O eso pensábamos, ilusos. El tiempo se hizo dueño de las acciones, el tomar decisiones importantes, el decidir, el descubrir a nuevas personas, nuevas ciudades, nuevas palabras. Un día nos dimos la vuelta para descubrir que quienes estuvieron a nuestro lado ya habían elegido sus propias sendas, y estaban en otros lugares, conquistando los pequeños retos que tenían. Jamás nos dimos cuenta de los instantes precisos en que se dieron los cambios, sino hasta que lo buscamos en la memoria. Y a veces sólo por casualidad. Encontrarse después de una década sin preguntarse un solo día en las posibilidades, como si se borrara de la memoria. O quizá era una ‘espera’ para evitar la tristeza, una canción que se retiene en la vida hasta que sea prudente soltar el botón de pausa para continuar donde se había quedado. Así ocurrió, tal cual. Ya no éramos los mismos. Y dudo que recordáramos cómo era el otro realmente. Una ligera charla, la incomodidad de forzarte a recordar a alguien que no parece ser lo que aseguras, y descubrir que la vida acontecía en todos los momentos en que no estuvimos juntos.

Éramos más viejos. Sin embargo, también más conscientes de quienes éramos, de lo que estábamos haciendo (aunque tal vez aparentemente nunca lo seremos), y de la libertad de haber recibido tantas estocadas como para aprender a disfrutar de la amargura, de soportarla. Una charla, algunos paseos por la ciudad, uno que otro brindis en las sombras de la juventud, y el recuerdo de lo que puso ser antes cuando las cosas eran definitivamente mucho más simples, esa dorada arena de la memoria en la que nos detenemos a reposar. Sucede lo que acontece cuando dos personas que se estimas se quedan en silencio, y no hay otro lenguaje que sustituya al cariño más que las caricias. Tarde, pero los círculos se cierran, y junto con ello sus imperfecciones. A veces, lo más triste de la poesía es que se diseccionan las circunstancias, se exponen en la mesa de operaciones y se preparan con frialdad antes de comenzar a hacer el listado de verbos y adjetivos. A veces, lo que ocurre es que no compartimos las expectativas, o nos saltan a la cara las distintas velocidades con las que hemos andado el mundo. Éramos los mismos, pero para cada uno, el mundo ya era otro. Una familia, una oferta laboral, el pesado legado de la guerra de cada familia, o la simple arrogancia del viento. A veces buscábamos estabilidad, y otras sólo mantenernos jóvenes entre las fiestas y la ensoñación. Nadie es perfecto. Buscamos lo que creemos que es mejor, aunque no siempre sea lo mismo para todos.

Ahora, una llamada cordial, algún buen chiste, y el beso clausurado que se antepone a preguntar cómo va la vida allá a lo lejos, si se ha desayunado a tiempo, si la galería de amantes se recupera con lentitud mucho antes que las saetas que ahondan en la piel.

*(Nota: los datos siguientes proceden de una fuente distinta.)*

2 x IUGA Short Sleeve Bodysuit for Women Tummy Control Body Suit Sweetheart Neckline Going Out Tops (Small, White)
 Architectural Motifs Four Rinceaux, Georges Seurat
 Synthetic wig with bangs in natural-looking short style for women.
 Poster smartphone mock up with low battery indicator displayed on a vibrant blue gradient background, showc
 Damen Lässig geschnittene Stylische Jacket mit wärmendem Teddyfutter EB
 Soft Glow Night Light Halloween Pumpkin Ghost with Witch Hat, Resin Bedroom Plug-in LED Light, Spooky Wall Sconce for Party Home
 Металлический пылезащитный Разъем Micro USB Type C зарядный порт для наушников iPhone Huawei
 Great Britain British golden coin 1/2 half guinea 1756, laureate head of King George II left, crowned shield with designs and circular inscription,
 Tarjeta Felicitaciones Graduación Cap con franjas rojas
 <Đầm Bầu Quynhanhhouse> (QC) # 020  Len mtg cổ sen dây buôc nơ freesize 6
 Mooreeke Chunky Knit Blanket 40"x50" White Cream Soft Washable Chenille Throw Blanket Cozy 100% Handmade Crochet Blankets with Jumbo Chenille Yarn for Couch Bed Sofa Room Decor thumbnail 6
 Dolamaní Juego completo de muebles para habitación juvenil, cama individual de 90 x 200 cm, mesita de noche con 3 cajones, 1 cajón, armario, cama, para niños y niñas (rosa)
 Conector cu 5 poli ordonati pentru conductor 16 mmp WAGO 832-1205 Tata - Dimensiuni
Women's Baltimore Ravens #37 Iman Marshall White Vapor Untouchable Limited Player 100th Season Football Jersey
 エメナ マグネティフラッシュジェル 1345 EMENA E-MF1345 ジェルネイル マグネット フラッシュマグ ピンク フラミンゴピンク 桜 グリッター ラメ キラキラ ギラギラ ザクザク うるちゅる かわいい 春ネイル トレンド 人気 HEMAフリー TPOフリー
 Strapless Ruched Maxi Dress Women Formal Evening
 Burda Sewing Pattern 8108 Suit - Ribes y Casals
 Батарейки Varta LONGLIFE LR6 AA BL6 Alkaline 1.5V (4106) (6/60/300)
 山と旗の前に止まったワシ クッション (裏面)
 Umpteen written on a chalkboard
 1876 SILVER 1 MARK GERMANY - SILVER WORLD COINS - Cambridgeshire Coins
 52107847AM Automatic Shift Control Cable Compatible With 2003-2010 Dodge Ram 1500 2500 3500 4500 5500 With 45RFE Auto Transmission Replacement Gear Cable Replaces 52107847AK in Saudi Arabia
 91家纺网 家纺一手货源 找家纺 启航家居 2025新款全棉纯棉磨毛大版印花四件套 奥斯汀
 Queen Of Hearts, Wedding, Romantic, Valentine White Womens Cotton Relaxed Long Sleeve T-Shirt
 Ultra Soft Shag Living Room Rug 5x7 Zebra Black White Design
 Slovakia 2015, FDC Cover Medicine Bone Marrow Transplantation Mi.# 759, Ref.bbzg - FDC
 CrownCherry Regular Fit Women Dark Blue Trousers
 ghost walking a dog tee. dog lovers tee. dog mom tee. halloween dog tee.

Porque también hay una forma de cariño en esa reticencia a buscar, en retornar sólo al recuerdo, pero no a la manzana suave que caería en la mesa si lo intentáramos. Aprender que el amor también puede tomar la forma del exilio, o quizá menos dramático, de la búsqueda en la que no somos un elemento más que decorativo. Y desear la suerte y felicidad con todo el anhelo que nos resta. A veces la infancia no es destino, pero nos ayuda a iluminar pasajes de la memoria que de otra manera permanecería velados, entre la infancia y las promesas que se complicaron, como una cápsula del tiempo donde esa otra persona nos ayuda a recuperar el rostro detrás del rostro.